TASK INSTRUCTIONS
With pictures excluded, repeat exactly the lines from the one containing "Super-Seat | Blauw" through the last line of the material below.

────────────────────────────────────────

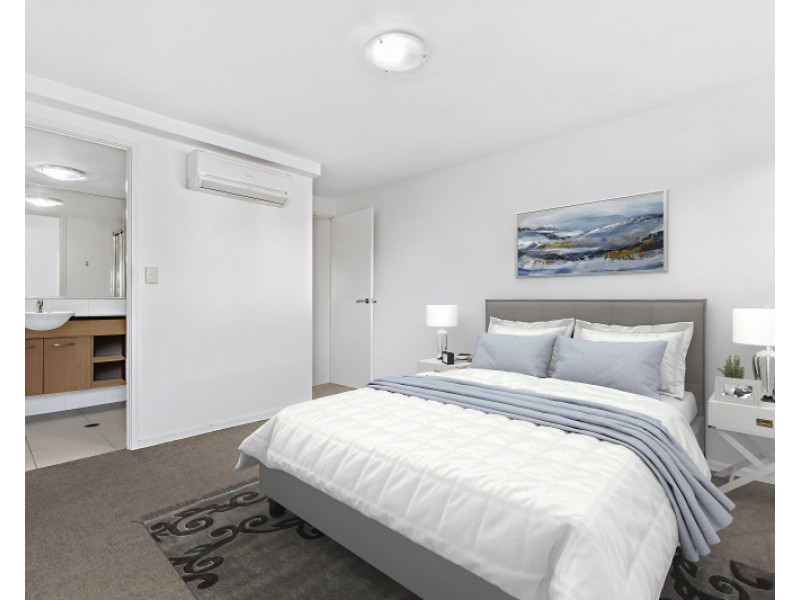 29/10 Grand Parade, Kawana Island QLD 4575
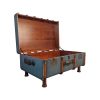 Super-Seat | Blauw koffertafel met houten binnenkant, metalen accenten en korte metalen poten. | Horecameubilair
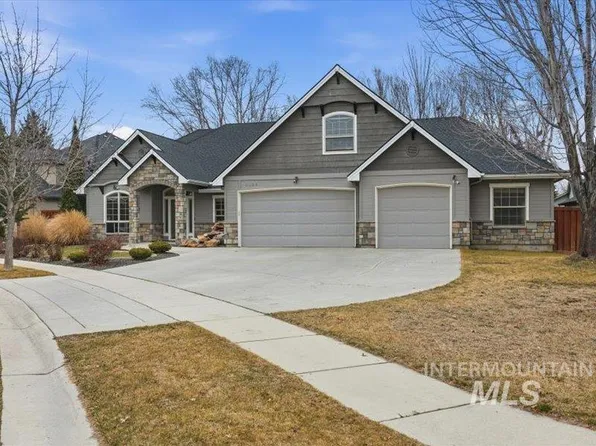 2684 W Lost Rapids Dr, Meridian, ID 83646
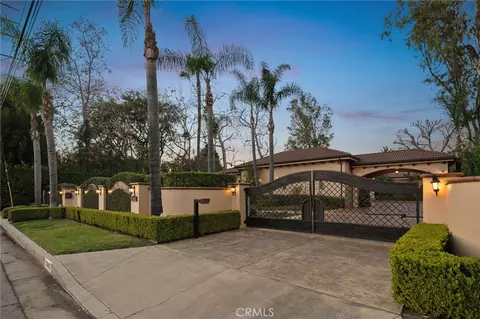 13845 Magnolia Blvd, Sherman Oaks, CA 91423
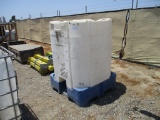 300 Gallon Water Storage Tank w/ Fork Holes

────────────────────────────────────────

SOLUTION TO THE EXERCISE
 Super-Seat | Blauw koffertafel met houten binnenkant, metalen accenten en korte metalen poten. | Horecameubilair
 2684 W Lost Rapids Dr, Meridian, ID 83646
 13845 Magnolia Blvd, Sherman Oaks, CA 91423
 300 Gallon Water Storage Tank w/ Fork Holes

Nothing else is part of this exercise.